::: TASK MATERIAL

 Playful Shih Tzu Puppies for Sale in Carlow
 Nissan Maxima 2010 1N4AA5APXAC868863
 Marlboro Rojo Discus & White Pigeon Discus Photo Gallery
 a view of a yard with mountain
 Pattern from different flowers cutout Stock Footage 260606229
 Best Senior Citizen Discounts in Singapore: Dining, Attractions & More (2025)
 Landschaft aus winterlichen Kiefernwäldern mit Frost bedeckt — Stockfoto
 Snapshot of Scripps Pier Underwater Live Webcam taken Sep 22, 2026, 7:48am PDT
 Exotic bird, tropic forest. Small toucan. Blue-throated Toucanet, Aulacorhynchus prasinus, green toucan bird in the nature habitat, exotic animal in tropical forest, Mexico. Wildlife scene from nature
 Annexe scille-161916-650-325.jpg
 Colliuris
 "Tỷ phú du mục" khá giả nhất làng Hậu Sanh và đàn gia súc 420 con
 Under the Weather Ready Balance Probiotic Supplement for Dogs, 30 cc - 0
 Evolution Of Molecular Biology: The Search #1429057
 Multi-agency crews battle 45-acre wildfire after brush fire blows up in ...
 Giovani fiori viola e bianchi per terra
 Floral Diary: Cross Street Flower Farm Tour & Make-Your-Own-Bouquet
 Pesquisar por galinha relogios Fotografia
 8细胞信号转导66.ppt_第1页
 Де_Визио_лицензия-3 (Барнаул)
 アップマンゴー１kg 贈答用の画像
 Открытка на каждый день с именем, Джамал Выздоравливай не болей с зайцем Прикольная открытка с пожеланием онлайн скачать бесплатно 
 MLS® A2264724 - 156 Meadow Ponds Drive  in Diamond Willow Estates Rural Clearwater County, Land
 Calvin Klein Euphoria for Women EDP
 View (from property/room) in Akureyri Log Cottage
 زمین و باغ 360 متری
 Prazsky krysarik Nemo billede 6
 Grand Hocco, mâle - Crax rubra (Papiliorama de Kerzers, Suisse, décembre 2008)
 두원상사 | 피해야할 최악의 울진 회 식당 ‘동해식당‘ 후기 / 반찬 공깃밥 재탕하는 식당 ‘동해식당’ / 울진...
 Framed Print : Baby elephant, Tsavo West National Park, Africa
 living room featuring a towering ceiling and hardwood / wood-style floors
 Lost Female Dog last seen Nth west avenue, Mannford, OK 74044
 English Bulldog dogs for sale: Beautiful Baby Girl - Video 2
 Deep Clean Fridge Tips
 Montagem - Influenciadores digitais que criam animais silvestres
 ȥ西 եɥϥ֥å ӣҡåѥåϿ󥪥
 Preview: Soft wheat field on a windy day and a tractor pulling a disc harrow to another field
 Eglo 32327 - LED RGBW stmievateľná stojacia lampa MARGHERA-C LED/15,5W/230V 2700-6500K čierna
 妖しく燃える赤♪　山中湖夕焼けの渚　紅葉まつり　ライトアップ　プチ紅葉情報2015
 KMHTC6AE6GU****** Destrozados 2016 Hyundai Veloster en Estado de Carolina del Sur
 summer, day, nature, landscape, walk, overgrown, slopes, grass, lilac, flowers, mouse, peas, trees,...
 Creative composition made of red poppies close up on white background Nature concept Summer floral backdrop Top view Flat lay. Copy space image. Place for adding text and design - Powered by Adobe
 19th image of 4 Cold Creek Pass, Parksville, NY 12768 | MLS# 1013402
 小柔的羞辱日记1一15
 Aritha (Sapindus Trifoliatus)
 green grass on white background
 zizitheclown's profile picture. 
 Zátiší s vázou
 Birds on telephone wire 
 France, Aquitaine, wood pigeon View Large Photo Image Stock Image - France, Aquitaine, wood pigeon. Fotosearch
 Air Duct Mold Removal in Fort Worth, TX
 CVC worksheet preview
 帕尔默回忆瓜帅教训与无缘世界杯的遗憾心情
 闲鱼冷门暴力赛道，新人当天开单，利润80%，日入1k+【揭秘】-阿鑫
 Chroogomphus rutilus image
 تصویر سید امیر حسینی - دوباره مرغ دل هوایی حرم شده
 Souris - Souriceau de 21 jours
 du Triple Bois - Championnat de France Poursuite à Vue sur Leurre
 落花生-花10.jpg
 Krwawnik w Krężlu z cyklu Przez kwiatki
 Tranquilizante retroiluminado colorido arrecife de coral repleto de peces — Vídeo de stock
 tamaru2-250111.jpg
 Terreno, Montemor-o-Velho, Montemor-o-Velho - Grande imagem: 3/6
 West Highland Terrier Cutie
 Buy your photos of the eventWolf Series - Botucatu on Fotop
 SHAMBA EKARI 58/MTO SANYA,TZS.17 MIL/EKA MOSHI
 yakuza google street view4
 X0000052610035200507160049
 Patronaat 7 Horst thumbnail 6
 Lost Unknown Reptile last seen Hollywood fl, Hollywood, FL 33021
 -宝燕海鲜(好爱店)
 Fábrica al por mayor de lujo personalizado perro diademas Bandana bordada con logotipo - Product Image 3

::::::

__WORK INSTRUCTION__. Take the line holding "Patronaat 7 Horst thumbnail 6" and all lines after it through the end of the data, and set them down exactly.

__RESULT OF THE TASK__.
 Patronaat 7 Horst thumbnail 6
 Lost Unknown Reptile last seen Hollywood fl, Hollywood, FL 33021
 -宝燕海鲜(好爱店)
 Fábrica al por mayor de lujo personalizado perro diademas Bandana bordada con logotipo - Product Image 3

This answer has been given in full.